This was argued on the grounds that some of these ceremonies were demonstrably ancient, and all of them might be.
Sundry Ceremonies vsed in baptisme, and other Sacraments, as Exorcismes, Exsufflations, Christening, and the like mentioned by S. Augustine and by diuers other ancient Fathers ..., these being practised by the Primitiue Church (which is graunted to be the true Church) and compared to the customes of Protestants, and vs, in our Churches, will easily disclose, which of the two, they or we, do more imitate, or impugne the true Church of antiquity.
To which a Protestant reply was that sufflation was not ancient enough, and could not be proved to be apostolic:
It was plain then there was no clear Tradition in the Question, possibly there might be a custome in some Churches postnate to the times of the Apostles, but nothing that was obligatory, no Tradition Apostolicall. But this was a suppletory device ready at hand when ever they needed it; and S. Austin confuted the Pelagians, in the Question of Original sinne, by the custome of exorcisme and insufflation, which S. Austin said came from the Apostles by Tradition, which yet was then, and is now so impossible to be prov'd, that he that shall affirm it, shall gaine only the reputation of a bold man and a confident.
Sufflation was judged by Protestant critics to be irrational, mysterious, and obscure, an increasingly important factor by the close of the seventeenth century and the dawn of the Enlightenment:
Mystery prevail'd very little in the first Hundred or Century of Years after Christ; but in the second and third, it began to establish it self by Ceremonies. To Baptism were then added the tasting of Milk and Honey, Anointing, the Sign of the Cross, a white Garment, &c. ... But in later times there was no end of Lights, Exorcisms, Exsufflations, and many other Extravagancies of Jewish, or Heathen Original ... for there is nothing like these in the Writings of the Apostles, but they are all plainly contain'd in the Books of the Gentiles, and was the Substance of their Worship.
It was said to be a human invention, imposed by the arbitrary whim of a tyrannical prelate against the primitive Gospel freedom of the church:
[Some bishop] ... taking it into his head that there ought to be a trine-immersion in baptism; another the signation of the cross; another an unction with oil; another milk and honey, and imposition of hands immediately after it; another insufflation or breathing upon the person's face to exorcise the Devil... Thus, I say, that inundation of abominable corruptions, which at present overwhelms both the Greek and Romish Churches, gradually came in at this very breech which you are now zealously maintaining, namely, the Bishop's Power to decree rites and ceremonies in the Church.
"When he [Christ] had said this he breathed upon them, and said to them, Receive the Holy Ghost...." When the Pastors of our Church use the Insufflation or Breathing upon any, for the like mystical Signification, you cry aloud, Superstition, Superstition, an apish mimical action, &c.

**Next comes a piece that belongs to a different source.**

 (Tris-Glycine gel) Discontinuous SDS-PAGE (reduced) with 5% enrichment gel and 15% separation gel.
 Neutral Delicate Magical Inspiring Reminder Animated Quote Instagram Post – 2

Though liturgical sufflation is almost gone, at least from the Western churches, its revival is not inconceivable. Liturgical renewal movements always seem to look to the 'classic' catechumenate of the fourth and fifth centuries for inspiration. Insufflation has indeed been re-introduced into the Catholic "new catechumenate." But many ceremonies dating from that or the medieval period have been re-imported even into Protestant rites during the last couple of decades. Perhaps even more likely is a revival in the context of the growth of the African and Asian church, in which locally and culturally meaningful ceremonies have often revolutionized practice, and in which, often, the exorcistic function of baptism has enjoyed a new vitality. For example, a pure insufflation is apparently practiced in the Independent Church of the Philippines, and Spinks mentions a pre-baptismal ceremony used by the Christian Workers' Fellowship of Sri Lanka, in which the candidates are struck with a cane and their faces are breathed upon. It is not clear whether the latter represents a revival of historical sufflation, or a wholly new ceremony derived from local custom.
There were apparently at least three kinds of association that particularly influenced how liturgical sufflation came to be understood: Biblical antecedents; liturgical setting; and extra-liturgical (cultural) analogs.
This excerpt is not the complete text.